Momeni is scheduled to appear in court Friday for an arraignment and faces a maximum sentence of 26 years to life in prison if he’s convicted on all of the charges, prosecutors said.
Lee’s estranged wife, Krista, spoke publicly for the first time since his death, telling Oakland station KTVU Fox2 she was perplexed as to why Momeni would kill her husband.
“This is the first step toward justice,” Krista Lee, 38, added to the station.
Sam Singer, who owns a PR firm right next door to Momeni’s loft, told The Post a large number of police from both San Francisco and Emeryville were there to arrest the alleged killer and used a bullhorn to call for him.
“He was a very nice guy and everyone is in shock that he’s accused of this murder,” Singer told The Post. “He had a very nice pool table, gourmet food, and a very high-end speaker system. There was a lot of technology in his workspace. He handed me his business card and said, ‘Hey, if you ever need IT help, give me a ring.’”
On April 3, about 24 hours before Lee was killed, a woman was seen inside the building yelling out for Momeni, the neighbor recalled.
“Apparently, she banged on another door looking for him. It was raised by the security committee in the building because there was a question on why there was a woman there in the wee hours of the morning yelling for Nima and how did she get into a secure building,” Singer said.
District Attorney Brooke Jenkins said she is filing a motion to hold Momeni without bail due to “obvious and severe public safety risks.”

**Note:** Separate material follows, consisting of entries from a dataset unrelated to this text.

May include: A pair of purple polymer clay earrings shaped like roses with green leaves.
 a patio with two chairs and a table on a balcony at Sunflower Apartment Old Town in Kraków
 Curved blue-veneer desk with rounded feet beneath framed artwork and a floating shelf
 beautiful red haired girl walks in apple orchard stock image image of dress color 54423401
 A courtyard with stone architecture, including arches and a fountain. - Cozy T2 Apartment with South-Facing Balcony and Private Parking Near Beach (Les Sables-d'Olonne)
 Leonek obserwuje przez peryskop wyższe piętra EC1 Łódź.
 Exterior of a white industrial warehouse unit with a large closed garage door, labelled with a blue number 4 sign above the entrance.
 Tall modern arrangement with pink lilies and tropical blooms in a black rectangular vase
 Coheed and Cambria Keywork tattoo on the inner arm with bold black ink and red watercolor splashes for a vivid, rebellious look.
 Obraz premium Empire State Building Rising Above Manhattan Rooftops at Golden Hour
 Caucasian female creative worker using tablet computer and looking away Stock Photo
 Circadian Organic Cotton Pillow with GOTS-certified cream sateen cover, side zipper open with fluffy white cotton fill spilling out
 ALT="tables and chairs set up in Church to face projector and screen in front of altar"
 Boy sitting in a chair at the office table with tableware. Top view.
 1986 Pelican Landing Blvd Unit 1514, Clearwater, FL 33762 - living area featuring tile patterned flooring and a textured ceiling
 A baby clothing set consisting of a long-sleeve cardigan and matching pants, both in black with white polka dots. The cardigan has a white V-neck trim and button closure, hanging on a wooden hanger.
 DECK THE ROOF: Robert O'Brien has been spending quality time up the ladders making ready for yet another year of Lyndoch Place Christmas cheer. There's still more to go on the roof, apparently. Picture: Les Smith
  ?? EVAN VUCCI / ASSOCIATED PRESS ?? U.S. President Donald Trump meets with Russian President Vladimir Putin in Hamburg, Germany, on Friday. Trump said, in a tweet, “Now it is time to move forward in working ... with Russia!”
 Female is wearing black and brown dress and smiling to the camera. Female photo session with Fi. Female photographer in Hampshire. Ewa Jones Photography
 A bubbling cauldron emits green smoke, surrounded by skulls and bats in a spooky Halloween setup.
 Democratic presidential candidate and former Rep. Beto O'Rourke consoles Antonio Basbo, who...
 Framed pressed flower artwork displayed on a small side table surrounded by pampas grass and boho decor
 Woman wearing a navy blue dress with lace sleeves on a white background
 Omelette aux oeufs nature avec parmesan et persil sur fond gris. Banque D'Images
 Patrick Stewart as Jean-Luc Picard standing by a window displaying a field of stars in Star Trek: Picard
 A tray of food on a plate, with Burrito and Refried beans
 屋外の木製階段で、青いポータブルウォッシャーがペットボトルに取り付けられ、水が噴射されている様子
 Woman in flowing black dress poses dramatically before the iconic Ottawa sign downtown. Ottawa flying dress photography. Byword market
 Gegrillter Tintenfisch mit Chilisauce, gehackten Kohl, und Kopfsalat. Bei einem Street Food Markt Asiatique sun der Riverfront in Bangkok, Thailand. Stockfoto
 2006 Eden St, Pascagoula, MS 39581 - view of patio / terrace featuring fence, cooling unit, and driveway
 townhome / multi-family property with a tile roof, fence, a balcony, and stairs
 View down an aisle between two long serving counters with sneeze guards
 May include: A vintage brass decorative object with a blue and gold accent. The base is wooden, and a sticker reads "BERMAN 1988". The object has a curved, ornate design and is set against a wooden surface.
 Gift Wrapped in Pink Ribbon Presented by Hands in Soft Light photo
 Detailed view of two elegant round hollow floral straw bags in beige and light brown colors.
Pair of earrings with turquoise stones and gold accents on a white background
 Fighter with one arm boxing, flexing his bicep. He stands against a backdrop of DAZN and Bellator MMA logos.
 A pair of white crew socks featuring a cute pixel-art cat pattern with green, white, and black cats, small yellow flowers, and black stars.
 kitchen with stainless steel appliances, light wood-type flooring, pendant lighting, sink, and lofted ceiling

A friend of Lee said the tech mogul, who had most recently worked for cryptocurrency startup MobileCoin, recently moved to Miami because he felt San Francisco was “deteriorating”.
“He was in the ‘good’ part of the city and appeared to have been targeted in a random mugging/attack,” his friend, mixed martial arts champion Jake Shields, tweeted shortly after the murder.
However, police were hesitant to give a description of any suspect or details of their investigation following the slaying.
San Francisco Mayor London Breed told ABC News of the case this week: “When some of the facts … come out, people are going to be surprised,” while also cautioning against “people jumping to conclusions” in cases such as this because the city has high-crime areas and struggles with a large homeless population.
At the press conference announcing Momeni’s arrest, Scott insisted the murder “is not about San Francisco,” implying it was purely interpersonal, and pushed back against narratives that Lee’s murder serves as proof the city is dangerous.
“Research shows that most people who commit homicide know the people they kill,” he said.
Rick Lee penned a heartbreaking tribute to his son on Facebook, calling him his “best friend.”
“Bob would give you the shirt off his back,” the grieving dad wrote. “He would never look down on anyone and adhered to a strict no-judgment philosophy.”